Kendinizi bir kurban gibi algılamayı bırakın
Bazı insanlar mutsuzluklarının sorumluluğunu tümüyle başkalarına yükler, kendilerini bu sonucun oluşmasında hiç bir sorumluluğu olmayan bir kurban gibi algılarlar. Oysa kişiler arası ilişkilerde yaşanan sorunların çok azında tümüyle tek taraf sorumludur. Örneğin farklı bir seçeneği olmadığı için memnun olmadığı işyerinde çalışıyor olması sonuçta o kişinin seçimidir. Başkalarını suçlamak işin kolayına kaçmaktır. Seçimin sorumluluğunu üstlenmek bir yanıyla zor bir süreç olsa da daha sağlıklı bir davranıştır. Kişiyi kurban rolünün oluşturduğu edilgin konumdan etkin konuma geçmeye zorlar.

İşyerini bir aile ortamı gibi düşünmeyin
Çok sık yapılan yanlışlardan birisi de iş ortamında aile içi ilişkilerin niteliklerini aramadır. Kuşkusuz işyerinde aile ortamına benzer bir iklimin oluşturulması çok değerlidir. Ancak bunu başarmak çoğu zaman mümkün olamaz. Tüm çalışanların öncelikle birbiri ile profesyonel bir ilişki kurması gerekmektedir.

Beklentilerinizi gözden geçirin
İstek, beklenti ve gereksinimlerinin karşılanmaması her insanın hayal kırıklığı yaşamasına yol açar. Özellikle işyerinde yükselme, gelir artışı, önem ve değer verilme gibi konularda beklentilerin karşılanmadığı çok sık görülür. Beklentiler ne kadar gerçekte olabileceğin ötesi nitelikler taşıyorsa hayal kırıklığı yaşama olasılığı o kadar artmaktadır. İş hayatında tek başına hak ediyor olmanın beklentilerin karşılanacağı anlamına gelmediği unutulmamalıdır.

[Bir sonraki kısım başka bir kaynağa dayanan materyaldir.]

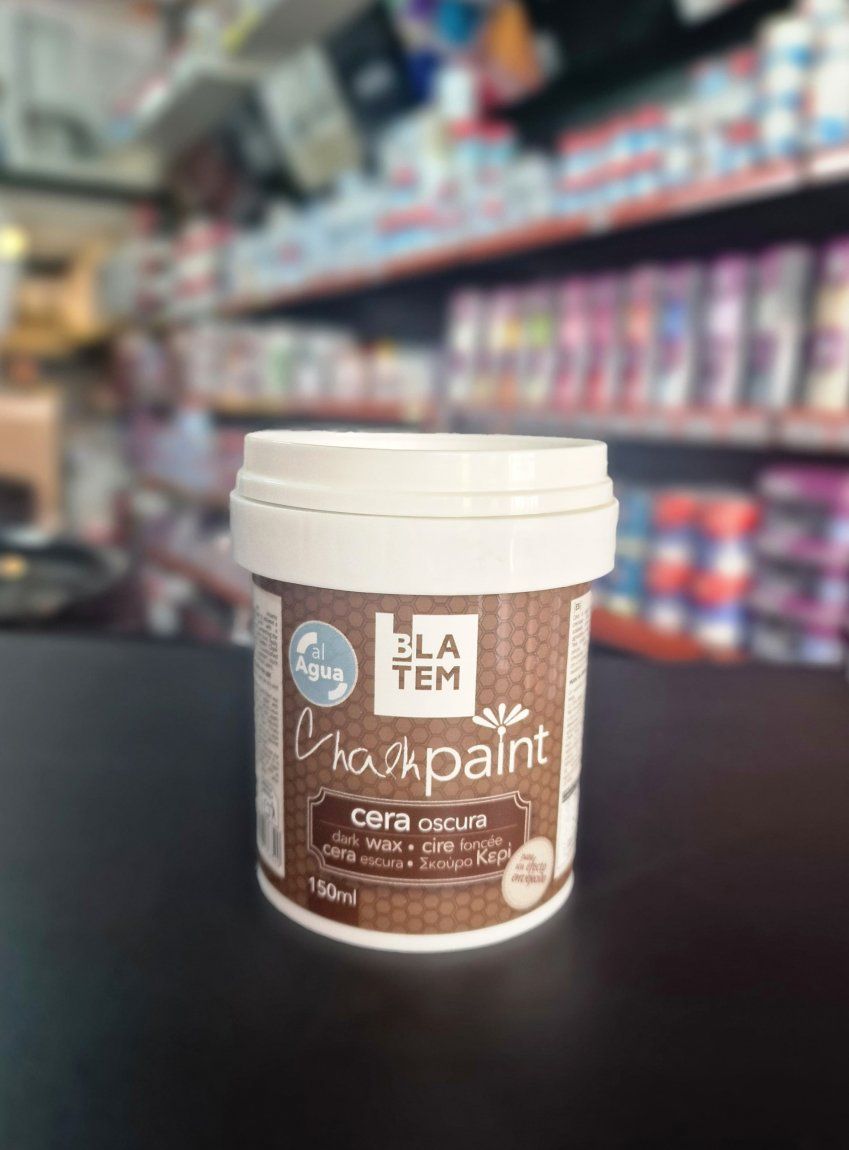 whatsapp image 2024 10 19 at 11 55 35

Kendinizi mümkün olduğunca gerçekçi biçimde değerlendirin
Her insan kendisini olduğundan daha iyi görme eğilimindedir. İş yaşamında sahip olunan özelliklerin performansa ne kadar yansıdığı genellikle ihmal edilen bir konudur. Pek çok kişi kendisine gereken koşullar sağlanmadığını ve bu nedenle gerçek performansını gösteremediğini ileri sürer ancak bunun doğru olup olmadığını değerlendirmek çoğu zaman mümkün olamaz.